Thank you. There are quite a few questions already from the online audience. I just remind you that if you're watching this online, you can add your or send in your questions by typing it on your screen. But first, let me see. Are there any questions from the audience here in Oslo? Seems not. While you're thinking about that, let's turn to the online audience. First question is regarding the backlog and pipeline in maritime solutions. One observant viewer says he has compared the Q2 presentation with the current presentation, and it seems that some of the bidding, some of the contracts that you're bidding for 26 and 27 has been removed from the chart this time. Is that correct?
I'm actually not sure about the details, but if I understand the question correctly, for contracts that we do not win, I expect they will disappear from the charts, not ending up as contracts. External analysts tell us that within advanced wastewater processing, we have had indications anything from 60% to 80% market share. So there are contracts we do not win. And within waste disposal, it's slightly lower.
Thank you. Then there's a question about liquidity. You say you have 22.7 million in cash at the end of the quarter. Will you need to raise more money?
We see an improving situation regarding liquidity and I'm very satisfied with the development in the quarter that we have now settled overdue payments to vendors and that we have managed to collect receivables. That also was overdue and now with the significant milestone payments coming in in the fourth quarter, we see a very positive development. on liquidity.
Will there be more surprises in industrials or do you now have a better understanding of the underlying problems?
It would be quite stupid of me to guarantee anything. These are first of a kind projects, but what we've done with a thorough deep dive on them, I'm quite confident that we know what the remaining work is and we know the cost of the remaining work. So not what we have seen here. And then I think everyone who deals with new technologies and new markets understand that there may be smaller hiccups along the way. We're well prepared for that. We're actually planning for some of these and to find them as early as possible. And in most cases, I think I can say we have also alternative solutions to that already. So I don't expect any big ones.
You also talked about a large customer in industrials waiting for permitting. Do you have any signals that they will move forward with you if that permit is given? Yes. You have mentioned in the past quite a few studies, going four or five years back, studies with names like Unipetrol, Repsol. What can you say about these studies and early projects? What is the status?
They are very interesting, all these studies, because it's studies based on different types of feedstock and how you process and what you want to come out of the process. And I think certainly our customers learn from those. In some cases, we actually do test runs for them. And we take tests of whatever comes out to certify quality, to look at the types of emissions and so on. And that is used as part of the permitting process. So I would say that we've learned a lot about different types of applications of the technology. And it is also very clear to me that our customers are learning along the way, learning what is going to be a business case for them or not. And I think if you look across the industry and different studies that are made, it's kind of coming together what everyone thinks is going to be a very profitable one, at least to begin with, and what could potentially become very profitable later on.

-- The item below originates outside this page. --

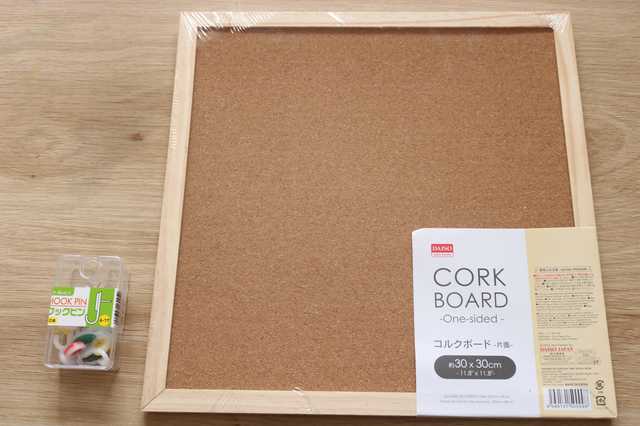 コルクボード＋フックピン（ダイソー）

There are two more questions from the online audience. So we're, I guess, nearing the end of the Q&A session. But let's take the next one. What is the installed base of maritime solutions in terms of number of vessels as well as number of systems?
I've heard a number, but I cannot remember it. But it is quite a significant number of systems. So in the hundreds.
And then there is a follow up on the cash and liquidity situation. Can you be more specific in terms of what you expect in terms of cash inflow in Q4?
We do not guide on the cash position at year end, but as I already presented, I'm satisfied with the development. It has been quite challenging for the company over time, but we see a significant improvement. So I'm looking forward to reporting the fourth quarter.
And then there is actually one more. You have previously talked about return to 15% EBITDA. Now you report 17 to 18% for both cruise projects and after sales. What do you expect in terms of margin expansion going forward?
I don't think we guide on that either, but we are seeing healthier margins in some areas. And we are definitely working to continuously improve. I think it is also important to say that when we are able to, for example, reduce cost on producing and delivering equipment, some of those improvements, we need to use those to improve our competitiveness, to ensure that we are still competitive. With high market shares, there's only one thing you can be really sure of, and it's that your competitors are hungry. And they will do everything they can. So you need to be forward leaning and work on the cost. And you need to be prepared to share some of your improvements.
And there is one more. With covenants based on 12 months rolling net entrance bearing debt over EBITDA, you're likely to be in breach several quarters ahead. How will you address this problem?
Well, we are in close and constructive dialogue with the DNB. We see an improved liquidity. We are working to build a more profitable company. And I'm sure that we together will find a good path.
Thank you. There are no further questions. Back to you.
Thank you. Thank you everyone for watching.